Cuando una vivienda alquilada cambia de propietario, tanto inquilinos como dueños suelen preguntarse qué ocurre con el contrato vigente y si el nuevo titular está obligado a pagar una indemnización. La respuesta depende de las condiciones bajo las cuales se produjo la transmisión del inmueble.

La Ley de Arrendamientos Urbanos (LAU) de España, en su artículo 14, establece las reglas que debe seguir el comprador al asumir la posición del anterior propietario en un contrato de alquiler y fija los límites aplicables en estos casos.

Ley de Alquileres | Los propietarios tendrán que indemnizar a los inquilinos si no respetan esta normativa (foto: archivo).

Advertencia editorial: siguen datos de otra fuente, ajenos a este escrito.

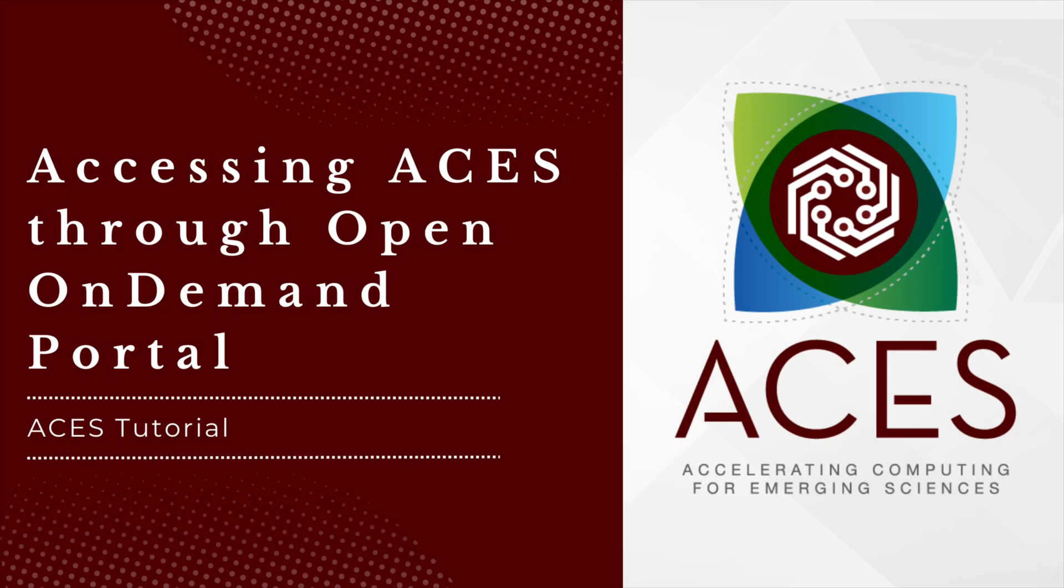Howdy, welcome to the HPRC instructional video series on the ASIS cluster. In this video, I'll guide you through the steps to log into the ASIS cluster's on-demand portal.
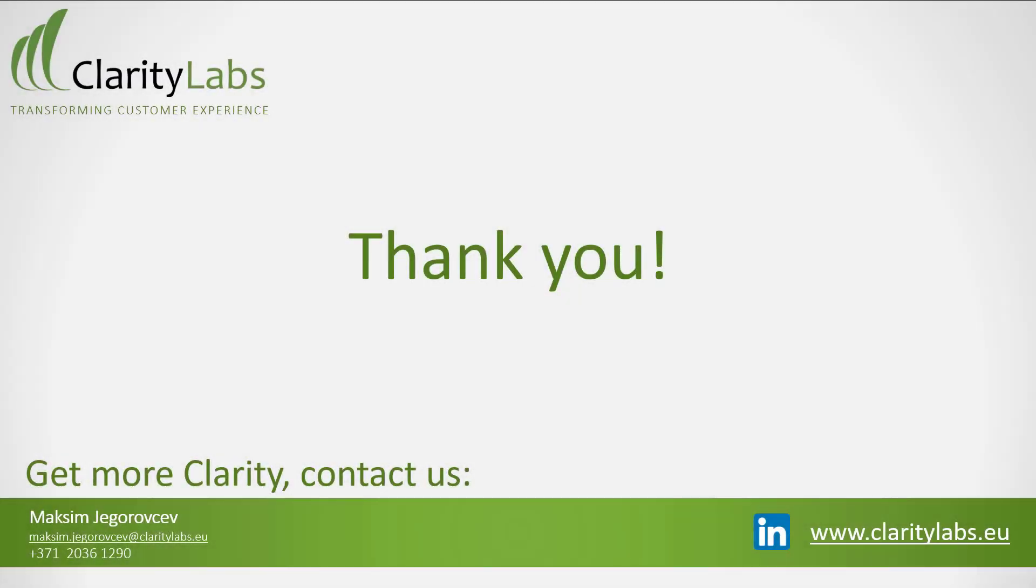We have reached the end of our demo. Thank you. For more information, go to our website, claritylabs.eu.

Ley de alquileres: qué incluye y establece

La normativa establece que, cuando una vivienda alquilada cambia de propietario, el comprador asume automáticamente el rol de arrendador y debe respetar el contrato vigente.

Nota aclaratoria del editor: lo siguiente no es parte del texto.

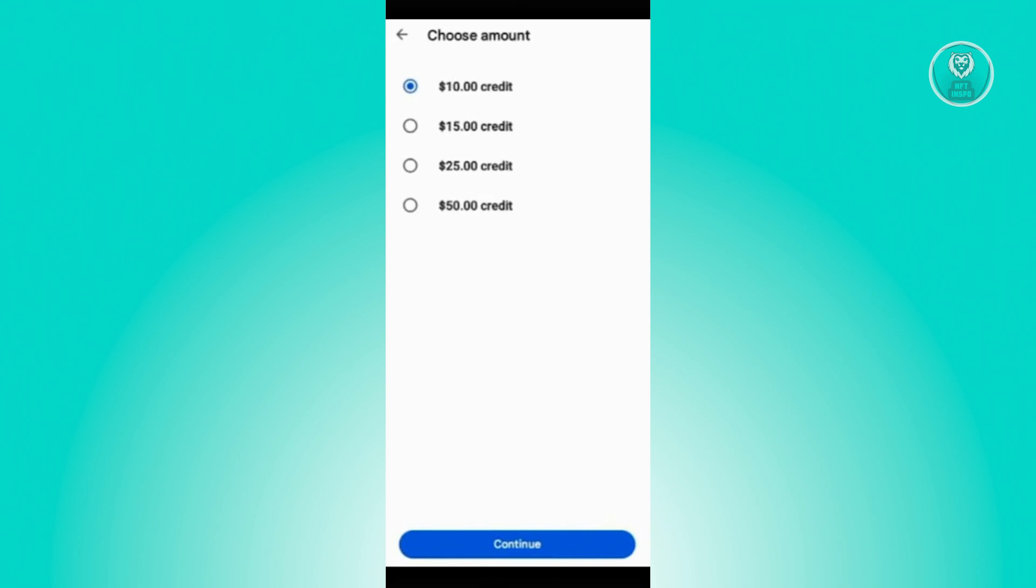So you could add a $10 credit, $15 credit, $25 credit, or even a $50 credit here. In this case, choose the appropriate amount, click on Continue, and proceed with the checkout process.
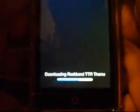Okay, y'all go on to search and search TTR. Y'all scroll all the way down and y'all see it right there — Rockland TTR theme. You install and confirm, there's something. Install and then reload.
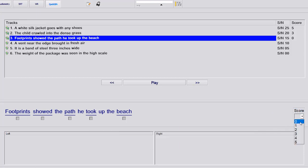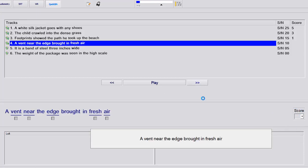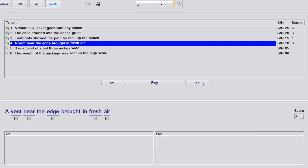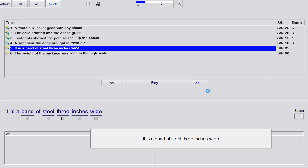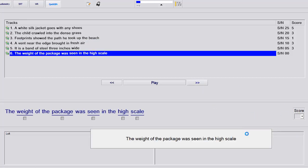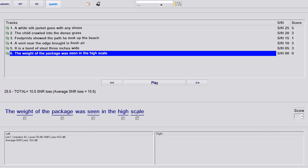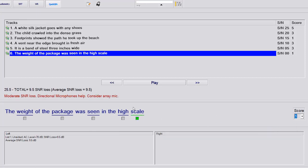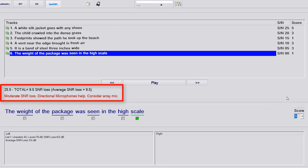And then eventually, once we get down to the last words, it's going to come up once you score your last one. It's going to come up and say moderate SNR loss, or it's going to give you whatever recommendation QuickSend is giving you.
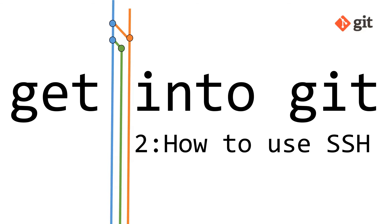Hello, this is Joe Neville and welcome to video two in my series Get Into Git. In this video, I'm going to be showing you how to use SSH with Git and specifically how to use SSH with a GitHub account.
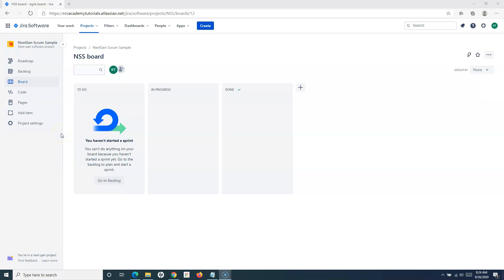That's all that is required to create a scrum project in Jira Cloud. You have two different types of projects available: classic, which is more similar to the Jira server version, and next-gen scrum, which is the new type of project that is easy to set up and maintain for any team. One more thing to note: if you are not getting the option to create projects in Jira, your Jira administrator may have restricted your ability to create projects. That's all for this tutorial — hope you liked it, thank you for watching.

De esta manera, el inquilino mantiene su derecho a permanecer en el inmueble bajo las condiciones pactadas durante los primeros cinco años si el antiguo dueño era una persona física, o siete años si se trataba de una persona jurídica, sin que el nuevo propietario deba abonarle una indemnización.

Ley de Alquileres | Los propietarios tendrán que indemnizar a los inquilinos si no respetan esta normativa (foto: archivo).

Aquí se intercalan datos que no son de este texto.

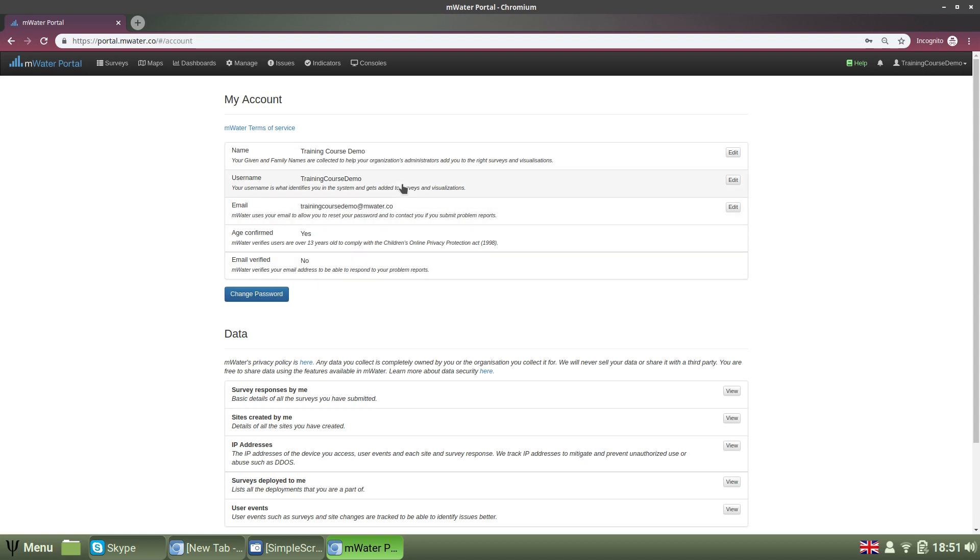Please note that the username has to be unique, so if you're changing it, you have to change it to a username that's not already taken up in the system. The same is the case with your email address. Note also that email addresses are case sensitive, meaning that capitalization matters.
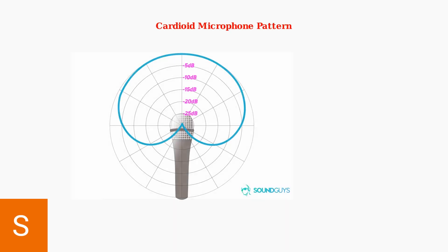The microphone uses a cardioid pickup pattern, which means it's most sensitive to sounds coming from directly in front. This pattern naturally reduces background noise from the sides and rear.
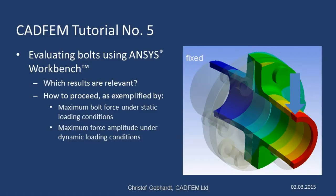Welcome to the fifth installment of the CAD-FEM tutorials for ANSYS. Our purpose today is to perform a rudimentary evaluation of some bolts and to address questions such as:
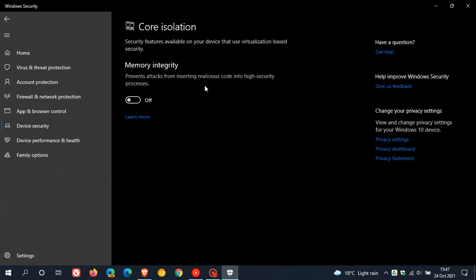If we click on core isolation details, this takes us to the memory integrity sub-menu, where it says prevents attacks from inserting malicious code into high security processes. And if we click on learn more, Microsoft says it's also known as hypervisor protected code integrity, which is a Windows security feature that makes it difficult for malicious programs to use low-level drivers, as an example, drivers that are out of date to hijack your computer.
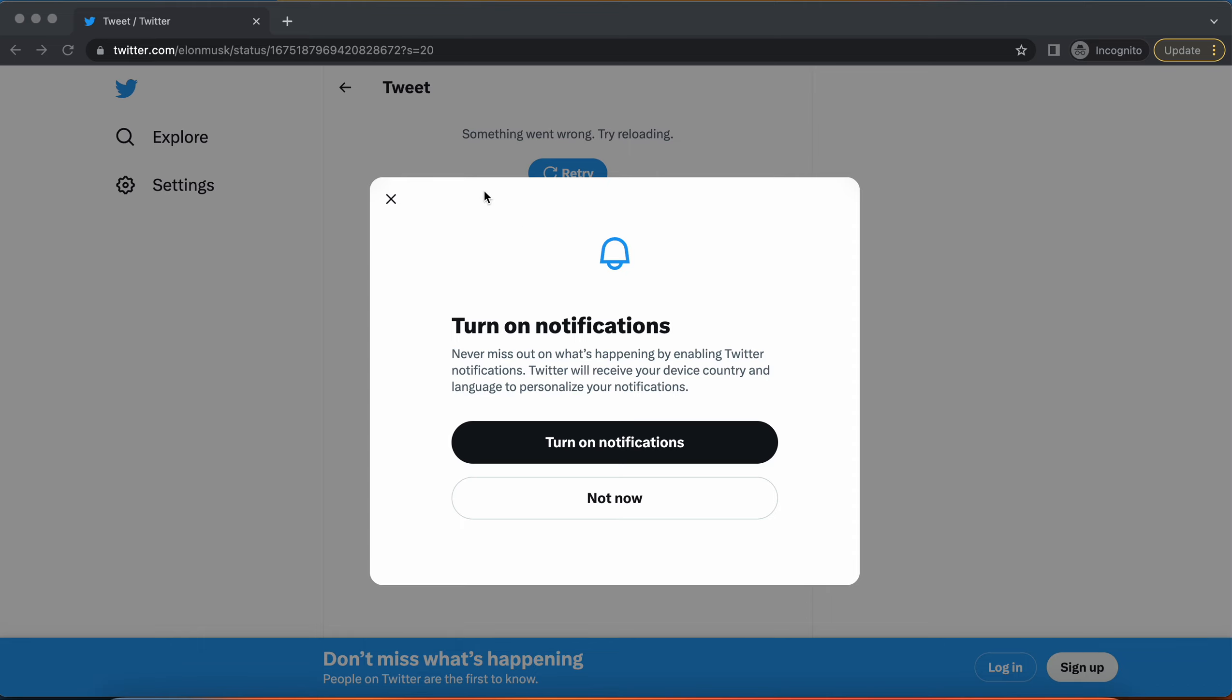I'll show you how to bypass Twitter's new limit that doesn't allow us to view tweets as guest viewers or anyone who doesn't have an account on the platform.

Compensación para inquilinos por incumplimiento de la Ley de Alquileres

La indemnización estipulada por la LAU corresponde a una mensualidad de renta por cada año del contrato que exceda el mínimo legal. Por ejemplo, si un contrato es firmado por un período de diez años con una persona física como arrendador y la vivienda es vendida en el año ocho, quedarían aún dos años de alquiler por cumplir, más allá de los cinco protegidos. En tal caso, el arrendatario tendría el derecho de recibir del antiguo propietario dos mensualidades como compensación.

Ahora, es importante señalar que la ley también considera aquellos supuestos en que arrendador e inquilino acuerdan expresamente en el contrato que la venta extinguirá el arrendamiento. Si tal pacto está presente, el nuevo propietario solo está obligado a respetar la vivienda arrendada hasta completar los cinco o siete años de protección legal. Una vez transcurrido ese plazo, no existe ningún deber de indemnizar al arrendatario.

La situación varía cuando el contrato firmado establece una duración superior a esos plazos mínimos. En este escenario, el nuevo propietario solo tiene la obligación de mantener el alquiler hasta cumplir esos cinco o siete años. Si el contrato se extiende más allá, el arrendatario puede ver extinguido su derecho antes del plazo pactado, pero el responsable de indemnizarle no será el comprador, sino el vendedor de la vivienda.

Si el contrato excede el plazo legal, la compensación la paga el vendedor, no el comprador.

El artículo 14 de la LAU establece un principio de equilibrio: el nuevo propietario no tiene la obligación de indemnizar al inquilino bajo ninguna circunstancia. Solamente el propietario anterior será responsable de tal indemnización si el contrato excede los cinco o siete años establecidos por la ley.